I do not remember the history of this, neither does it seem to make a 
difference in my implementation. So I have removed this restriction for 
now. If it comes back to haunt any implementors in the future, we can 
bring this restriction back.

>
> "The SPARQL queries linked to a target via sh:select must be of the query
> form SELECT."   This doesn't apply the prefix handling rules.

Added: (after applying the <a href="#sparql-prefixes">prefix handling 
rules</a>)

>
> "The SELECT queries must project to the result variable this."  There is no
> definition for "project to".

Switched to "must return...".

>
> "The resulting target consists of all distinct bindings for the variable
> this."  The target is the value of sh:target so how can it be the bindings?

Switched to "The resulting <a>focus nodes</a> are the distinct bindings 
for the variable <code>this</code>."

> "The SELECT queries must also be executable when converted to an ASK query
> and with a pre-bound value for ?this."    There is no definition for
> converting a SELECT query to an ASK query.  There is no notion of a query
> being executable.

See below:

>
> "The set of bindings for ?this that return true for such ASK queries must be
> identical to the set produced by the SELECT query. This design makes sure
> that SHACL Full processors can validate whether a given shape applies to a
> given individual focus node."   A SHACL Full processor can always just run
> the SELECT query and check whether the individual focus node is in the
> result set.   So this condition, which is difficult and maybe even possible
> to check, is unnecessary.  The checking can even be done completely within
> SPARQL by appending a values clause to the query, which can then be
> optimized by the SPARQL processor, so there is not even any particular
> reason to have this condition for efficiency purposes.

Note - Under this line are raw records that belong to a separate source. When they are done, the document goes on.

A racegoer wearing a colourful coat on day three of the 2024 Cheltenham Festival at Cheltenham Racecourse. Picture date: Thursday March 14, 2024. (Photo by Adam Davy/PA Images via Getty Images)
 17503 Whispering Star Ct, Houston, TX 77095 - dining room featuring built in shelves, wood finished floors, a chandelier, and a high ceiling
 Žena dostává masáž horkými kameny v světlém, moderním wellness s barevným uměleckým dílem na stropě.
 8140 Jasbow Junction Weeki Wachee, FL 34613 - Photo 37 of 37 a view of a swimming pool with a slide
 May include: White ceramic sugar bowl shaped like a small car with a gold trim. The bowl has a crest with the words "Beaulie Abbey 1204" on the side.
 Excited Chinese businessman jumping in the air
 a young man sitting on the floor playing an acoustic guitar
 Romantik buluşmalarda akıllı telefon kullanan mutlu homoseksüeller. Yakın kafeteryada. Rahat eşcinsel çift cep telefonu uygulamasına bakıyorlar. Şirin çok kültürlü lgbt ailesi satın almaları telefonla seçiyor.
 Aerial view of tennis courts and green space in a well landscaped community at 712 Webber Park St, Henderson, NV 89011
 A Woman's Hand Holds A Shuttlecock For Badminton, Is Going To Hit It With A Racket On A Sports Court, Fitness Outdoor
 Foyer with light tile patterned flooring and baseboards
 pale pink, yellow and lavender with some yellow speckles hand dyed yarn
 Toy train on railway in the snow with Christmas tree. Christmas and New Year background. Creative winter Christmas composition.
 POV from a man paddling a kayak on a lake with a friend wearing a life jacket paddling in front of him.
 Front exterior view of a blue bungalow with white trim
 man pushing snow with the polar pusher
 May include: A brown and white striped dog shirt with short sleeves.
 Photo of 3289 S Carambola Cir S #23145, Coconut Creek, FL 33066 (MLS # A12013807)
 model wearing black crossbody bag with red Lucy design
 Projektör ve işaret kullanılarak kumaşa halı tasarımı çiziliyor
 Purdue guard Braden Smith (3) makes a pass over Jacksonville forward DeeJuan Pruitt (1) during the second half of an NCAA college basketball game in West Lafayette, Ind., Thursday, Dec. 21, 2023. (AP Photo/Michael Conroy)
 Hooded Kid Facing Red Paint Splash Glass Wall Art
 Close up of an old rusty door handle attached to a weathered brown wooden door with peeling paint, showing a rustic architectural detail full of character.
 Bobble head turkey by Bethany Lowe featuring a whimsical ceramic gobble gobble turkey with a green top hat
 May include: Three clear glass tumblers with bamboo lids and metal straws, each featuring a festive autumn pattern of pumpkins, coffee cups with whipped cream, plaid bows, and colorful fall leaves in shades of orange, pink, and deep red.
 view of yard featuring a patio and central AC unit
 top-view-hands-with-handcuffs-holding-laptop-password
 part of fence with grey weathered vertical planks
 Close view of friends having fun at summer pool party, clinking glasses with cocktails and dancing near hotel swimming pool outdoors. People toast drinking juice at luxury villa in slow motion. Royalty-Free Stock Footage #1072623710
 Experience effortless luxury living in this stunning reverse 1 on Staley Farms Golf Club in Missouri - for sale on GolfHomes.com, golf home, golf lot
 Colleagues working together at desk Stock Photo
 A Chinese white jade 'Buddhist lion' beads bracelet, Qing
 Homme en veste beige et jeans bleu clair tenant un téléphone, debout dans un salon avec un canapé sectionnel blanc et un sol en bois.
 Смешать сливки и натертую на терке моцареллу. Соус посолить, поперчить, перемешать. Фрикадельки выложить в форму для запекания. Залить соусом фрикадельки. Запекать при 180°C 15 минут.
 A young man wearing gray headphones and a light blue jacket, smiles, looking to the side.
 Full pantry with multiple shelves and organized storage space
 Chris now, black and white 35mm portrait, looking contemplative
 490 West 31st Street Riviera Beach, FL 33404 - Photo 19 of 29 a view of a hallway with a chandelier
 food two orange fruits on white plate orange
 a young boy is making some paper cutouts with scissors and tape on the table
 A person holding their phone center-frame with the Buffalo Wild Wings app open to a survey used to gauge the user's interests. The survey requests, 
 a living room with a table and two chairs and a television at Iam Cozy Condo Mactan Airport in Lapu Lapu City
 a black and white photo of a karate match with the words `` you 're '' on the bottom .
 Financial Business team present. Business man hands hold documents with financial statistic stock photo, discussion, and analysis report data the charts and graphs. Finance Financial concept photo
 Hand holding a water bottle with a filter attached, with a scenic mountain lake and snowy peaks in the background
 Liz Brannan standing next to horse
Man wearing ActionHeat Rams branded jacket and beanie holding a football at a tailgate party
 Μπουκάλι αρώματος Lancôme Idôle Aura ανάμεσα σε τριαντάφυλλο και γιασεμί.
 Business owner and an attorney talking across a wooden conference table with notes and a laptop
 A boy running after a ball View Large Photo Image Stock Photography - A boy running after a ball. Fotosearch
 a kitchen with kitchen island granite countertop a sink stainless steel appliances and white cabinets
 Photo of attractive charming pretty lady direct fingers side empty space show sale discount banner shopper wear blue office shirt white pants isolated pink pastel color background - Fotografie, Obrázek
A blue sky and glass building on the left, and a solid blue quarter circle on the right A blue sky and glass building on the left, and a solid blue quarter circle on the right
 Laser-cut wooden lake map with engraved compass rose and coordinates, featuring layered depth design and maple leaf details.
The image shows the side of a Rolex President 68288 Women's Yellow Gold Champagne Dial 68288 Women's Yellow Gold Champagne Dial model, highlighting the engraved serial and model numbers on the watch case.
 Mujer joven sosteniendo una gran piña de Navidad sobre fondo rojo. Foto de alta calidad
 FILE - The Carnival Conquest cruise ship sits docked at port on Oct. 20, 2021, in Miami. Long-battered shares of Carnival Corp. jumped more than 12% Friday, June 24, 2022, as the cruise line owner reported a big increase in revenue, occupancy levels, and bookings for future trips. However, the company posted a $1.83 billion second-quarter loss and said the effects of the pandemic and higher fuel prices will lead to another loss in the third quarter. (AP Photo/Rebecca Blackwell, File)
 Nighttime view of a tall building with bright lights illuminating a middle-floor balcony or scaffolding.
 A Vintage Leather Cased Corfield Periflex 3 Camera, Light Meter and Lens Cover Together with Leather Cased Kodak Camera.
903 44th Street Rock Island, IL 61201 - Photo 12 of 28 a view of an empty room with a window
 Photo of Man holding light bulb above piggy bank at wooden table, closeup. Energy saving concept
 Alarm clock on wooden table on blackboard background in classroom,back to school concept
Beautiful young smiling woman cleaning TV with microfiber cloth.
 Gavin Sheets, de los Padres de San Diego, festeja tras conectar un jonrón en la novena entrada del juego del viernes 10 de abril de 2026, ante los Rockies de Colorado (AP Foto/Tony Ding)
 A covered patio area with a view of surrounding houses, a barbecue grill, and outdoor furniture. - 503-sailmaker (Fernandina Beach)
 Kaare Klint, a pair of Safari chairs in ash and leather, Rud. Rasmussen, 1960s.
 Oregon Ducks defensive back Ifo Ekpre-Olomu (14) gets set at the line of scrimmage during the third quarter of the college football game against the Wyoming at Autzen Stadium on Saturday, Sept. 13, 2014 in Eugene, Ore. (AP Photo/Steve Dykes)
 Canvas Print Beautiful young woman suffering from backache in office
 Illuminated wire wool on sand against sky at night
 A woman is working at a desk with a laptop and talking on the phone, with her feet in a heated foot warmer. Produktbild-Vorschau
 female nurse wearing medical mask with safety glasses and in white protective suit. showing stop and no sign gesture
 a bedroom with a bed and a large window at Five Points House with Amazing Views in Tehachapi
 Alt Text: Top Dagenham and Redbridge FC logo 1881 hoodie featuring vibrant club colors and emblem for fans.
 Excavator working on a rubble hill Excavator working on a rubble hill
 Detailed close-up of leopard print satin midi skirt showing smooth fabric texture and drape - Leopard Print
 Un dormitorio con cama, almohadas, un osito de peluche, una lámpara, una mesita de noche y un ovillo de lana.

You suggest to drop the restriction that the SELECT queries of targets 
are convertible into equivalent ASK queries. I disagree that this is the 
right way forward.

It is important to be able to validate individual nodes only, not just 
the complete graph. Too do so, there needs to be a facility to identify 
all relevant shapes based on their target. So the question is not: "here 
is a shape, what nodes does it target?" but instead "here is a node, 
which shapes do target the node?". These are entirely different 
questions from a performance perspective. The alternative to first run 
the SELECT and then test whether the potential focus node is among the 
results is not practical - a target SELECT may easily return millions of 
nodes. With an ASK query, the answer often becomes clear with a trivial 
BGP in O(1). I do not understand your comment that a VALUES clause could 
be appended - how would that work: to populate a VALUES clause you would 
already need the results of the query, which is again too slow in practice.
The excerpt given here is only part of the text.